Lines from the beginning of the entries up to and including the one with "Harriet Potter cums" must be duplicated word for word; leave out all others.

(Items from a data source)
= = = = = = =
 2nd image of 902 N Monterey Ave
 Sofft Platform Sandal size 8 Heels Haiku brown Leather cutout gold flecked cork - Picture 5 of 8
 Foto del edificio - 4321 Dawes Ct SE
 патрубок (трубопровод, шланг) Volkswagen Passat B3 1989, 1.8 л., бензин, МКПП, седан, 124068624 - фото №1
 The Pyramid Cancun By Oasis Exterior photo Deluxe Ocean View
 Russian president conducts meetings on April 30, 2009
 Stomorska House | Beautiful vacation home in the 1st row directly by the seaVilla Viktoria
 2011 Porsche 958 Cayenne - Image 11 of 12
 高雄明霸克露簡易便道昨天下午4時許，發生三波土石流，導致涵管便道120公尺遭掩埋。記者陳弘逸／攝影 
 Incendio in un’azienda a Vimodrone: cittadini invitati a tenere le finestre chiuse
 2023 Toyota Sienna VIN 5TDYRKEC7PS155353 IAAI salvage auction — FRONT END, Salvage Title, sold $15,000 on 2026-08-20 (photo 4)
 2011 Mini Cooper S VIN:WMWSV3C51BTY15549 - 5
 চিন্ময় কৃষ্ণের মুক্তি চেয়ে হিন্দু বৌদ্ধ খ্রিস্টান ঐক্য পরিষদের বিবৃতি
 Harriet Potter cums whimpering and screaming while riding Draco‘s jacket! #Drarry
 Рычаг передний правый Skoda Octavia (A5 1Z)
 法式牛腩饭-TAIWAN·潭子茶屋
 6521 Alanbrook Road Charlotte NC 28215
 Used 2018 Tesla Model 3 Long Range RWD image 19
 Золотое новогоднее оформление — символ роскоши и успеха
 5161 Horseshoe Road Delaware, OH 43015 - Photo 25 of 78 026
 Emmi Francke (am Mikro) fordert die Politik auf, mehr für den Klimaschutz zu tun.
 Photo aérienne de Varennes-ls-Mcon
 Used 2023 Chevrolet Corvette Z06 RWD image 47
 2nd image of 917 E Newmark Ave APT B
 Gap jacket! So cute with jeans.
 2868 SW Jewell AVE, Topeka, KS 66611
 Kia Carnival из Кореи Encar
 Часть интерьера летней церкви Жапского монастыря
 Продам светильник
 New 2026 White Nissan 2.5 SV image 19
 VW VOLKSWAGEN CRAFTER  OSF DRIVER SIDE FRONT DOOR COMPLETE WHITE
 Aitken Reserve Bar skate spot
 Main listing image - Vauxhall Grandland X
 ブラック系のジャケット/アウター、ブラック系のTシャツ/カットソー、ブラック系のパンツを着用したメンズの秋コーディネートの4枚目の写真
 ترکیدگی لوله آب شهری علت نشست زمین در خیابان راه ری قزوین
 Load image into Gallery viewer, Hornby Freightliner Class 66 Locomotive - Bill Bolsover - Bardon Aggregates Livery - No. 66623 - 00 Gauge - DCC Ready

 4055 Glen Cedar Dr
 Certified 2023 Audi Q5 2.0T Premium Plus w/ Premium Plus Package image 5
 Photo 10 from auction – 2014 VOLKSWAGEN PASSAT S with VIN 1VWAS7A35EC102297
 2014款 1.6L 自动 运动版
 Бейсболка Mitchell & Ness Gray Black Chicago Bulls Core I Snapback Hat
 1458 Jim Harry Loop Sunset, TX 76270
= = = = = = =
§ **RESPONSE**
 2nd image of 902 N Monterey Ave
 Sofft Platform Sandal size 8 Heels Haiku brown Leather cutout gold flecked cork - Picture 5 of 8
 Foto del edificio - 4321 Dawes Ct SE
 патрубок (трубопровод, шланг) Volkswagen Passat B3 1989, 1.8 л., бензин, МКПП, седан, 124068624 - фото №1
 The Pyramid Cancun By Oasis Exterior photo Deluxe Ocean View
 Russian president conducts meetings on April 30, 2009
 Stomorska House | Beautiful vacation home in the 1st row directly by the seaVilla Viktoria
 2011 Porsche 958 Cayenne - Image 11 of 12
 高雄明霸克露簡易便道昨天下午4時許，發生三波土石流，導致涵管便道120公尺遭掩埋。記者陳弘逸／攝影 
 Incendio in un’azienda a Vimodrone: cittadini invitati a tenere le finestre chiuse
 2023 Toyota Sienna VIN 5TDYRKEC7PS155353 IAAI salvage auction — FRONT END, Salvage Title, sold $15,000 on 2026-08-20 (photo 4)
 2011 Mini Cooper S VIN:WMWSV3C51BTY15549 - 5
 চিন্ময় কৃষ্ণের মুক্তি চেয়ে হিন্দু বৌদ্ধ খ্রিস্টান ঐক্য পরিষদের বিবৃতি
 Harriet Potter cums whimpering and screaming while riding Draco‘s jacket! #Drarry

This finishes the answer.